I almost spewed my coffee when I read this morning’s AJC article on Metro Atlanta voter approval of mass transit.
You know those Tea Partiers’ rants at recent public forums on the upcoming transportation sales tax referendum? The ones where they oppose the funding of rail transit lines on the grounds that trains are somehow “archaic” or that terrorists might want to pull a Snidely Whiplash and sabotage our choo-choo lines?

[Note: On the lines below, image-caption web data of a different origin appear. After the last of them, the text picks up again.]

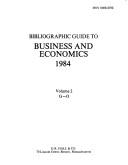 Cover of: Bibliographic Guide to Business and Economics, 1984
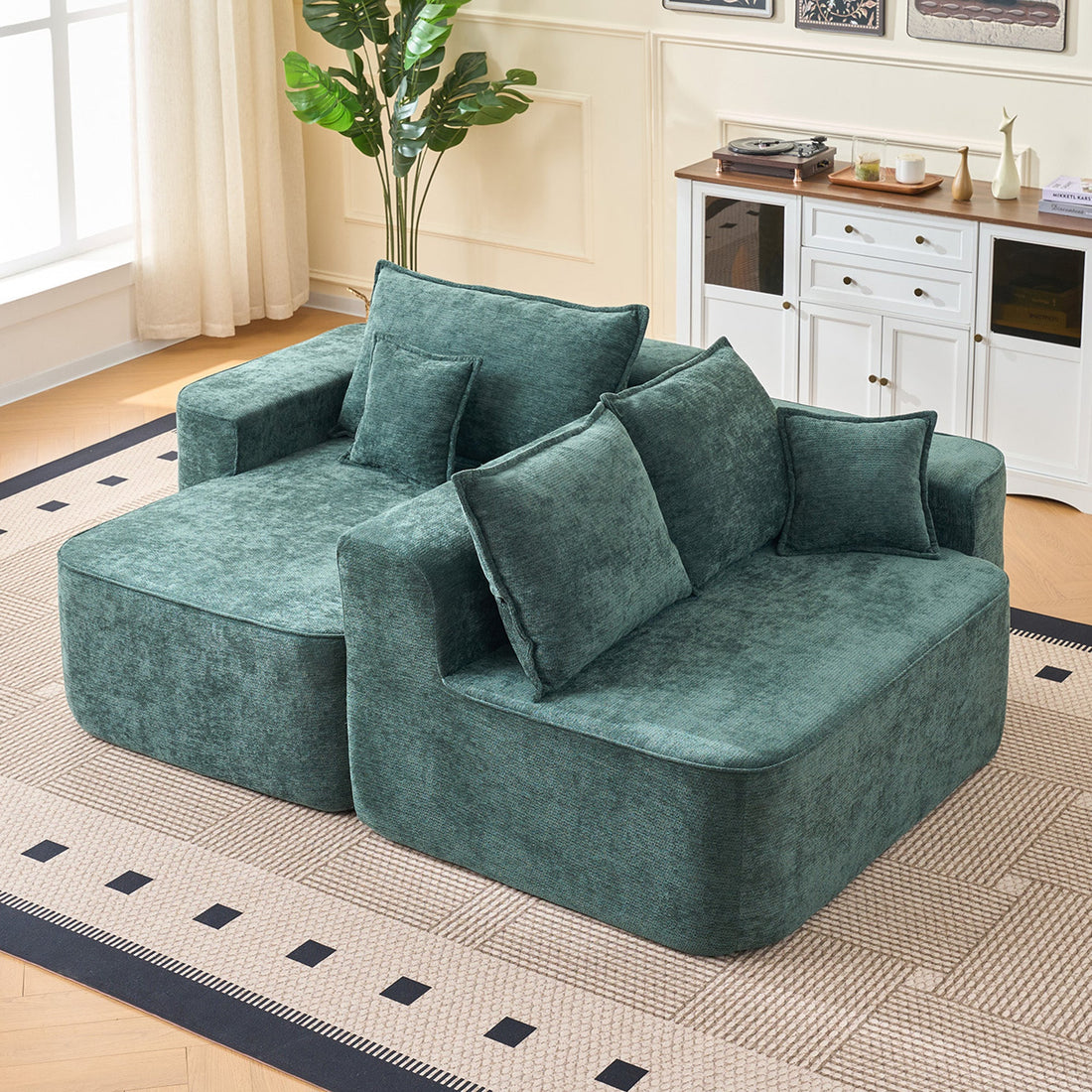 Modern Green Chenille L Shaped Sectional Sofa with Chaise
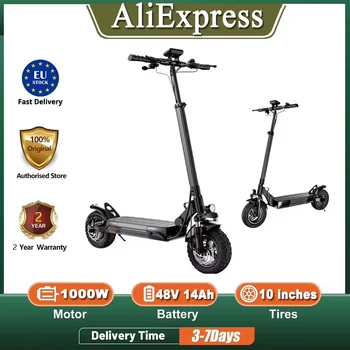 Monopattino elettrico IScooter W9 con motore da 1000W, batteria da 48V 14Ah, pneumatici da 10 pollici, velocità massima di 45 km/h, autonomia di 45 km, freni a disco anteriori e posteriori.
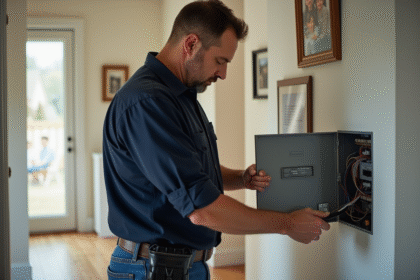 Électricien inspectant un panneau électrique dans une maison
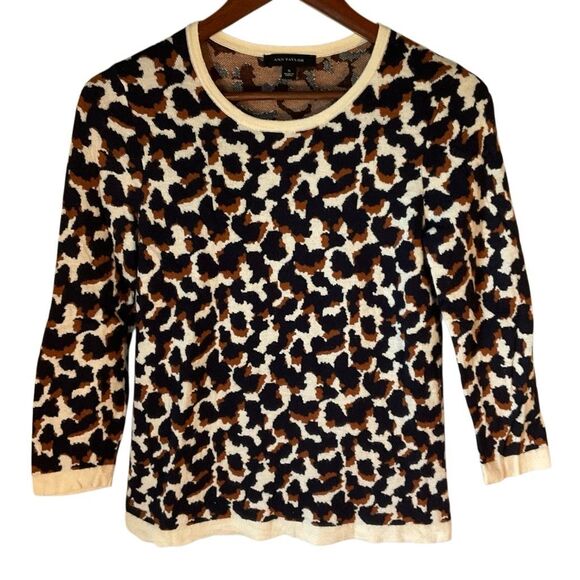 Ann Taylor Scoopneck 3/4 Sleeve Animal Print Sweater. S. Wool Blend - Picture 2 of 13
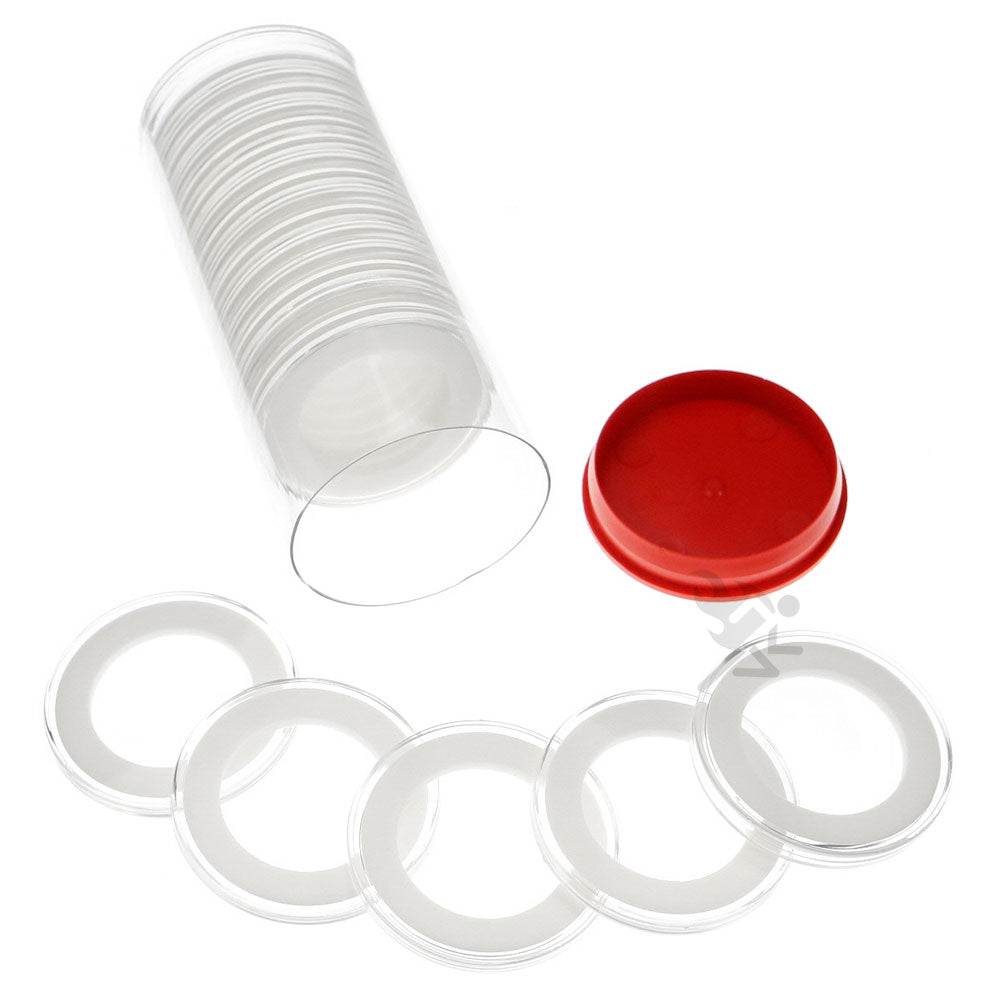 Capsule Tube & 20 Ring Fit 33mm Coin Holders for 1/2oz Silver Libertad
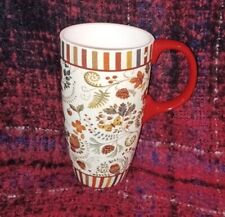 'Cypress Home' White / Burgundy Owl Porcelain Latte Mug Cup No Lids picture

It turns out those hysterical tirades don’t represent the way most people in the metro feel about transit. According to the article, a recent poll reveals that:
- 51 percent of metro voters would vote for the referendum if it were held today
- In Cobb and Gwinnett counties alone, at least 48 percent were in support, with an additional 10 percent undecided
- 82 percent said it was important to do more to encourage everyone to commute to work by bus or train (coffee spew!)
- 57 percent of voters said they don’t agree an increase in mass transit means more crime in new areas
- 57 percent also said if the referendum passes, it is likely to reduce metro Atlanta’s traffic and congestion significantly
Bottom line: the public histrionics from fear-mongering Tea Partiers represent a minority opinion when it comes to transit. A fringe belief. My best guess to the reason why they had such a loud voice in forums is that these people are so rabid in their cause they gave up a work day (assuming they have jobs) to get to the microphone. Meanwhile, average metro Atlantans were busy being stuck in traffic.
Which begs the question: will the media (AJC included) now decide that they no longer need to give a platform to Tea Party anti-transit ramblings in every single news piece on this tax proposal? Time will tell.